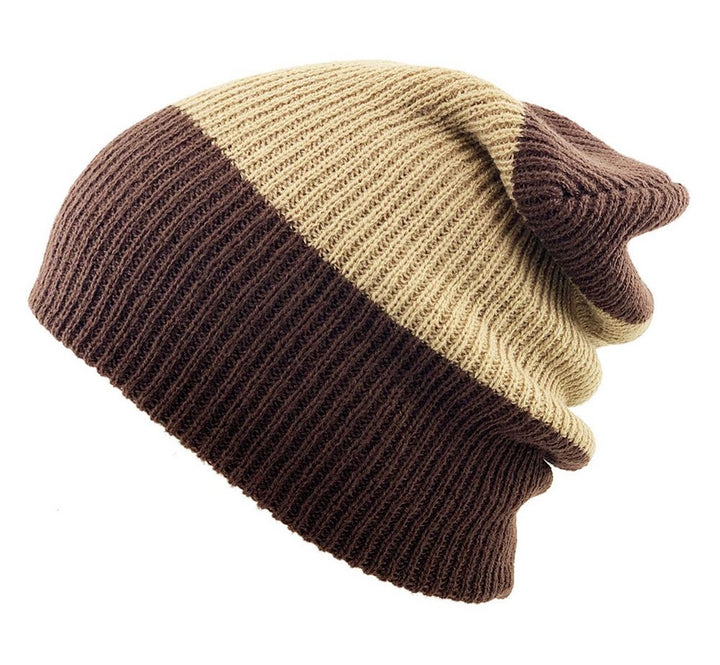 COFFEE STRIPED SLOUCH BEANIE - Brown Striped Beanie - Beanie from Ethos at The Prince Webshop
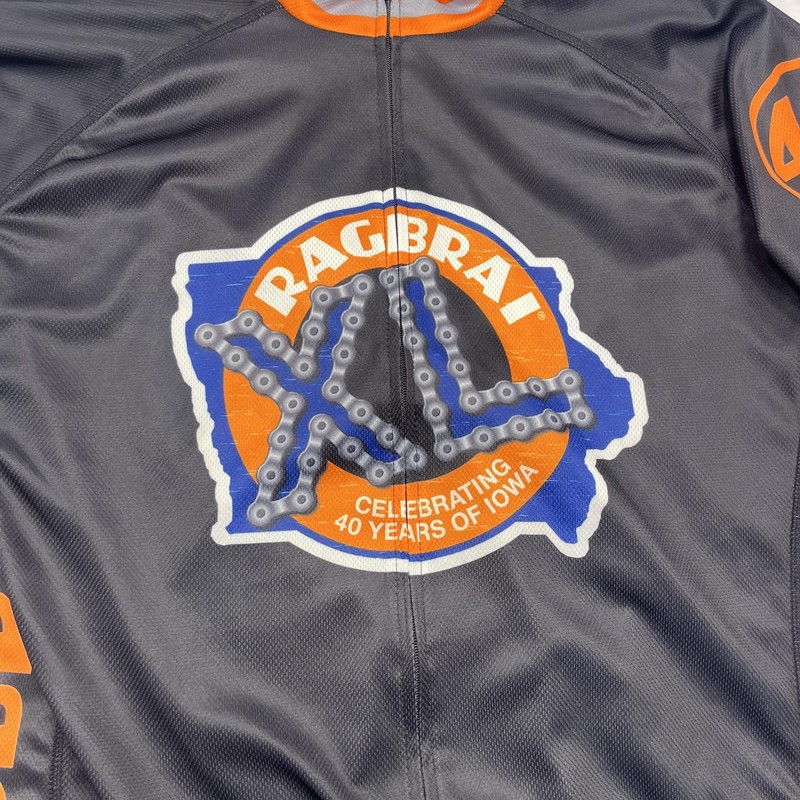 RAGBRAI XL 40 Years Jersey Mens Large Black Orange Primal Full Zip Cycling Bike gallery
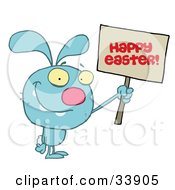 Grinning Blue Rabbit Holding Up A Happy Easter Greeting Sign On A White Background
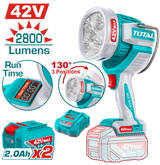 TOTAL Cordless Work Lamp 42V –2800 Lumens | 50W LED Rechargeable Work Light with Runtime Display (TWLI42896)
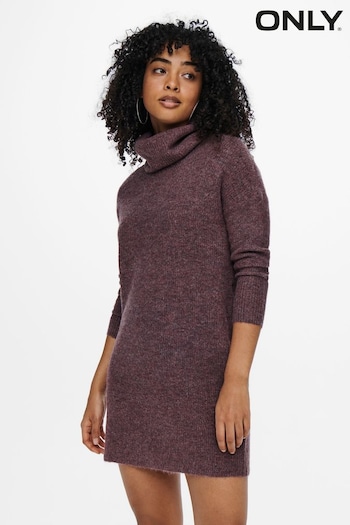 ONLY Burgundy Red Knitted Roll Neck Jumper Dress (R04804) | £28
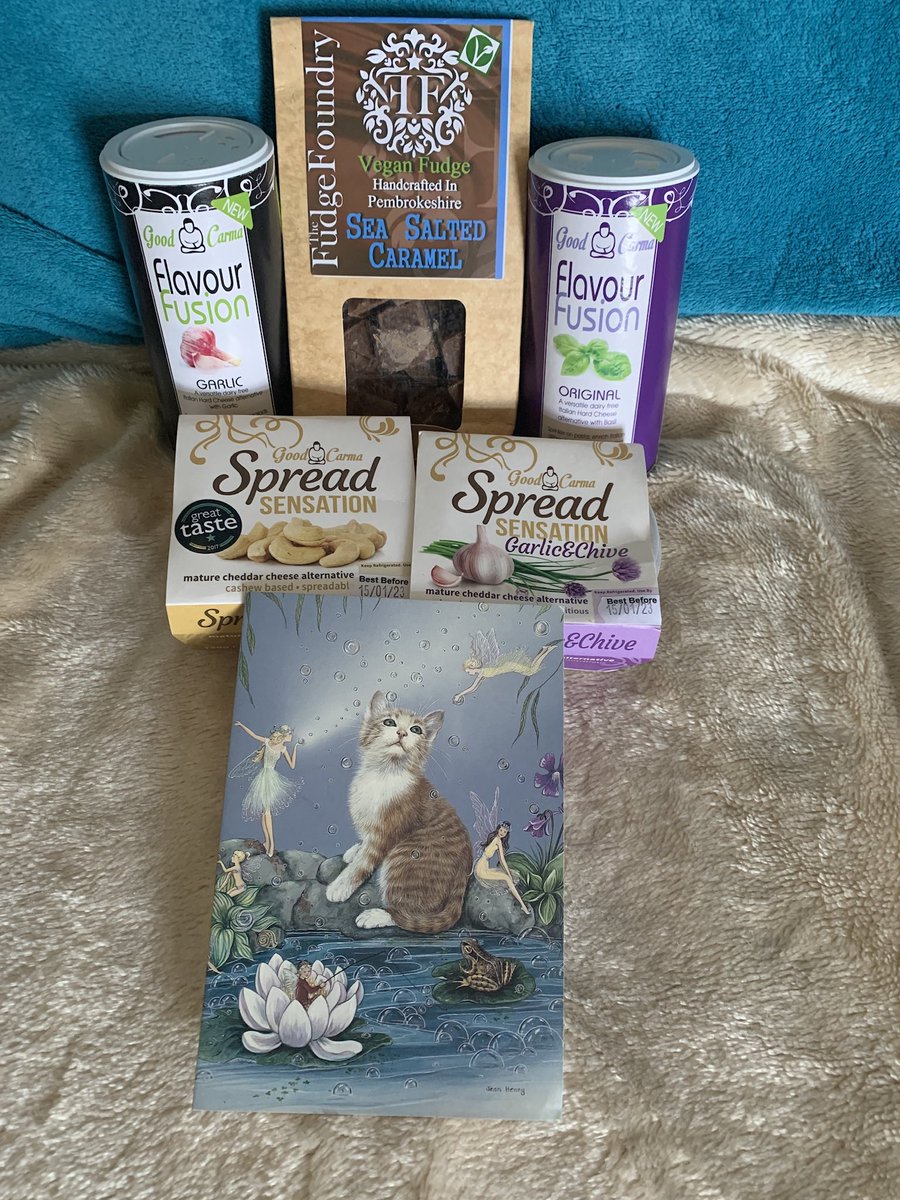 Christmas goodies from our lovely friend <a href="/charlottegoodca/">Good Carma Foods</a> have arrived 👍 Check out the wonderful and yummy cruelty free products at: goodcarmafoods.com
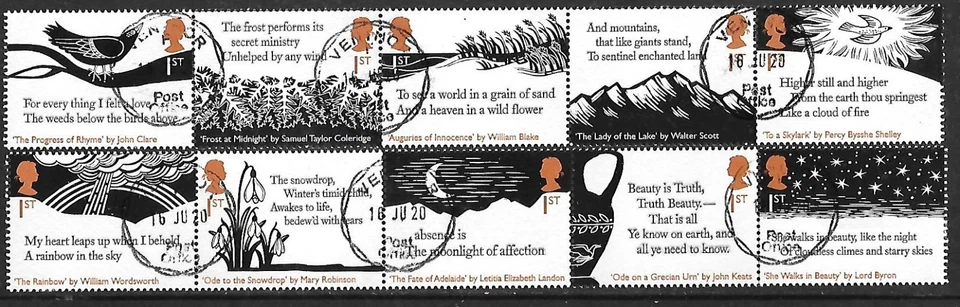 GB 2020 Romantic Poets Used Set HRD2-B - Image 1 of 1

++++++++++

Begin at the first line of the entries and stop after the line holding "Grinning Blue Rabbit"; repeat those lines exactly, but not the pictures.

> [Solution below]
 COFFEE STRIPED SLOUCH BEANIE - Brown Striped Beanie - Beanie from Ethos at The Prince Webshop
 RAGBRAI XL 40 Years Jersey Mens Large Black Orange Primal Full Zip Cycling Bike gallery
 Grinning Blue Rabbit Holding Up A Happy Easter Greeting Sign On A White Background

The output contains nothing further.